Senecan Tragedy: Phaedra 

  1. Are we supposed to sympathize with Phaedra or Hippolytus? 
  2. What role does the nurse play? Is she just a passive character, or does she have a more sinister part?
  3. How are the gods described in the play? How seriously should we take these descriptions?
  4. How does the play distinguish between love and lust? Which is Phaedra consumed with? Is Cupid a real thing, a metaphor, or just an excuse?
  5. How is Phaedra reminiscent of the Julio-Claudian women we met in Tacitus and Suetonius?


Senecan Tragedy: Oedipus

  1. What does the play show about the role of the king, his authority, and his relationship with his subjects?
  2. What is the point of the long description of a sacrifice? What does it show about the world?
  3. In the famous Oedipus of Sophocles Tiresias already knows everything when he meets Oedipus - how does making him ignorant change the focus of the play?
  4. How does the necromancy scene (530ff) compare to the scene in Lucan? 
  5. Why does Oedipus blind himself? How does this compare with Sophocles (if you’ve read his Oedipus)?
  6. What is the nature of Oedipus’s guilt?


Senecan Tragedy: Medea

  1. How does Medea introduce herself? Are we supposed to feel sympathy for her?
  2. How does Medea compare to Phaedra? How does she compare to the Julian-Claudian women?
  3. What does this play reveal about fault, about crime, about responsibility? Are we supposed to find Jason’s arguments or Medea’s arguments more convincing?
  4. What characterizes Medea as a witch? How might this be particularly significant with regards to Stoic beliefs? How does she compare with Erichtho in Lucan?

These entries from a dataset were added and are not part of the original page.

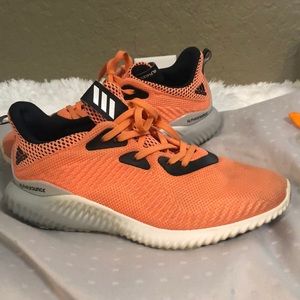 Running shoes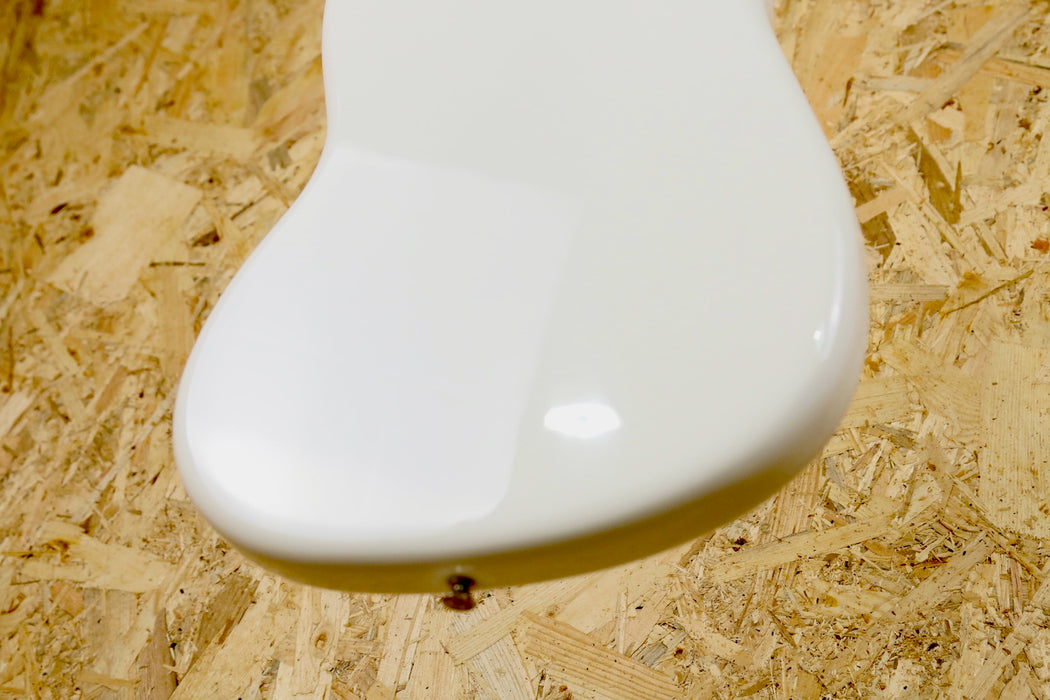 Fender Player II Mustang® Bass PJ, Maple Fingerboard, Polar White - B-Stock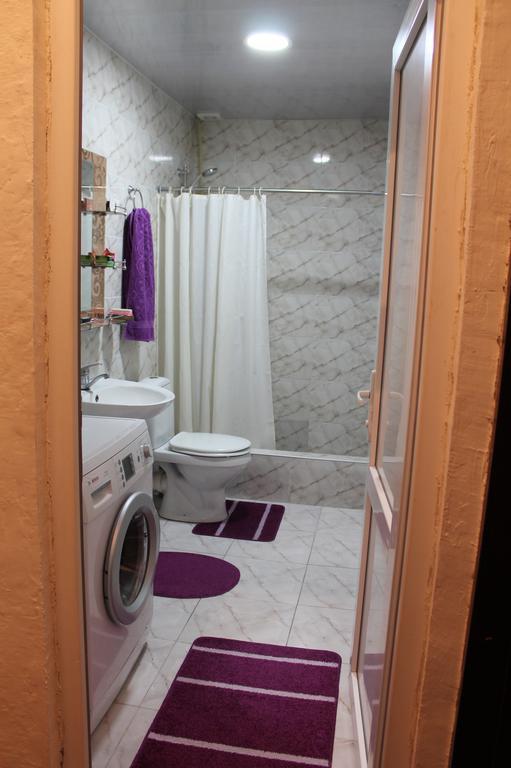 Guesthouse Medea On Pushkini 4 Kutaisi Exterior foto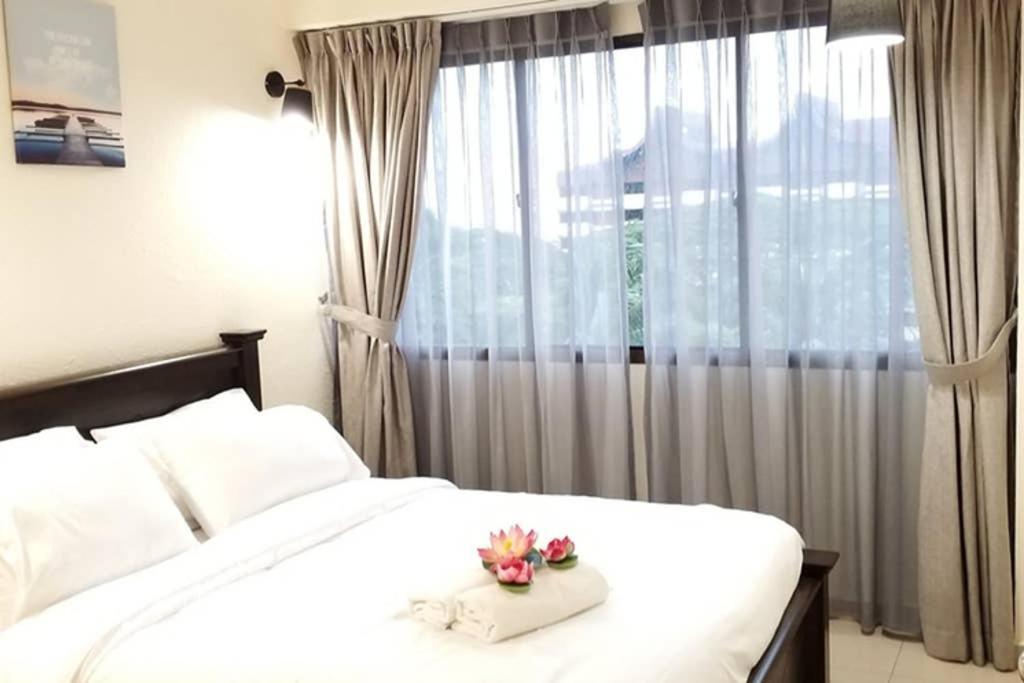 Poolview Resort Batu Ferringhi 502 - 2 Rooms Exterior foto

Senecan Tragedy: Trojan Women

  1. How is death presented in the play? How does this conform (or not conform) with Seneca’s Stoicism, especially in the Letters to Lucilius?
  2. What does the play show about the nature of war, about revenge, about justice?
  3. What does the play tell us about pain and suffering?
  4. How are the various Greek commanders (Agamemnon, Ulysses) depicted? Are they villains, or is there more to them?
  5. The Romans believed they were descended from the Trojans - does this affect how we read the play?


Senecan Tragedy: Hercules Furens

  1. How is Hercules a Stoic hero?
  2. What does this show about how Seneca views the gods and their relationship with man?
  3. What is the nature of Juno’s anger? How does it compare with what Seneca wrote in the On Anger that we read? 
  4. How does Lycus compare to the other Senecan rulers so far (Creon, Theseus, Oedipus)? Do any of them seem to be commenting on the Julio-Claudians?
  5. How does Theseus’s description of the underworld fit into Stoic belief? How does it contradict it?
  6. Is this play a Stoic allegory?
  7. What does the play show about culpability? About how we deal with adversity? How does this compare with the other plays, especially the Oedipus?


Senecan Tragedy: Thyestes

  1. What does this play show about how Seneca views sin, guilt, crime, and punishment?
  2. Does the traditional punishment of Tantalus described here fit Stoic beliefs?
  3. What elements of this story might particularly resonate during the age of Nero? How might they have been understood?
  4. What does this show about the power and responsibility of the king? How does Atreus compare with the other monarchs we’ve seen in Seneca?
  5. What is the role of suffering in the play? Of revenge? How do they compare to the other plays?
  6. How should we interpret the lack of punishment for Atreus in the play?